Thank you for your help. I ran the same test, the results for regular case
are much better. But it still has about 1% overhead, probably because we
enlarge the ring_buffer structure, make it less cache friendly.
origin with the patch
AVG 1000 1013
STDEV 13.4 15.0
Regards
Yan, Zheng
>
> ---
> include/linux/perf_event.h | 2 +
> kernel/events/core.c | 60 ++++++++++++++++++++++++------
> kernel/events/internal.h | 2 +
> kernel/events/ring_buffer.c | 90 +++++++++++++++++++++++++++------------------
> 4 files changed, 106 insertions(+), 48 deletions(-)
>
> diff --git a/include/linux/perf_event.h b/include/linux/perf_event.h
> index 8873f82..bcce98a 100644
> --- a/include/linux/perf_event.h
> +++ b/include/linux/perf_event.h
> @@ -753,6 +753,8 @@ static inline bool has_branch_stack(struct perf_event *event)
>
> extern int perf_output_begin(struct perf_output_handle *handle,
> struct perf_event *event, unsigned int size);
> +extern int perf_output_begin_overwrite(struct perf_output_handle *handle,
> + struct perf_event *event, unsigned int size);
> extern void perf_output_end(struct perf_output_handle *handle);
> extern unsigned int perf_output_copy(struct perf_output_handle *handle,
> const void *buf, unsigned int len);
> diff --git a/kernel/events/core.c b/kernel/events/core.c
> index 1833bc5..4d674e9 100644
> --- a/kernel/events/core.c
> +++ b/kernel/events/core.c
> @@ -3878,6 +3878,8 @@ static const struct vm_operations_struct perf_mmap_vmops = {
> .page_mkwrite = perf_mmap_fault,
> };
>
> +static void perf_event_set_overflow(struct perf_event *event, struct ring_buffer *rb);
> +
> static int perf_mmap(struct file *file, struct vm_area_struct *vma)
> {
> struct perf_event *event = file->private_data;
> @@ -3985,6 +3987,7 @@ static int perf_mmap(struct file *file, struct vm_area_struct *vma)
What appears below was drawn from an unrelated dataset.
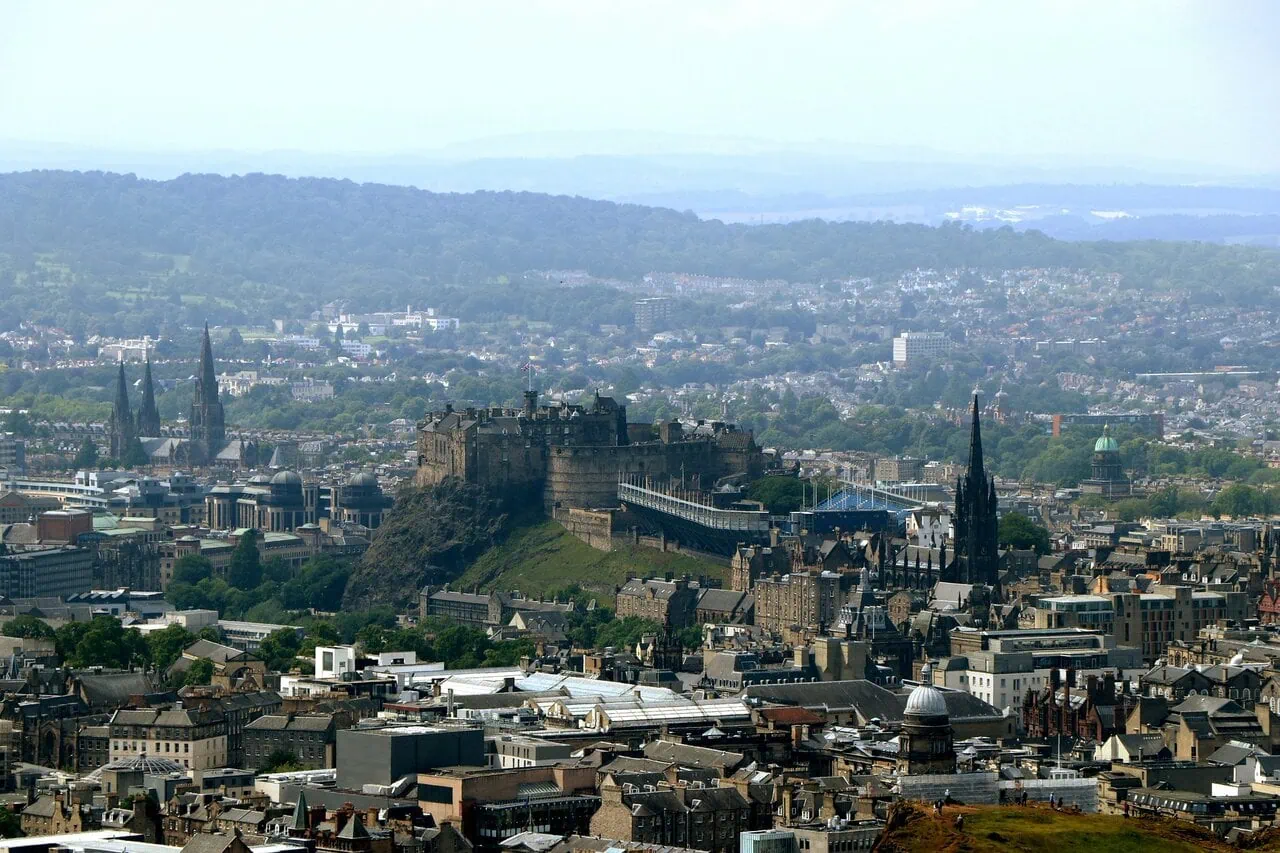 Edinburgh skyline with Edinburgh Castle view travel from Aberdeen to Edinburgh Scotland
> vma->vm_mm->pinned_vm += extra;
>
> ring_buffer_attach(event, rb);
> + perf_event_set_overflow(event, rb);
> rcu_assign_pointer(event->rb, rb);
>
> perf_event_update_userpage(event);
> @@ -4595,9 +4598,12 @@ void perf_prepare_sample(struct perf_event_header *header,
> }
> }
>
> -static void perf_event_output(struct perf_event *event,
> - struct perf_sample_data *data,
> - struct pt_regs *regs)
> +static __always_inline void
> +__perf_event_output(struct perf_event *event,
> + struct perf_sample_data *data,
> + struct pt_regs *regs,
> + int (*output_begin)(struct perf_output_handle *,
> + struct perf_event *, unsigned int))
> {
> struct perf_output_handle handle;
> struct perf_event_header header;
> @@ -4607,7 +4613,7 @@ static void perf_event_output(struct perf_event *event,
>
> perf_prepare_sample(&header, data, event, regs);
>
> - if (perf_output_begin(&handle, event, header.size))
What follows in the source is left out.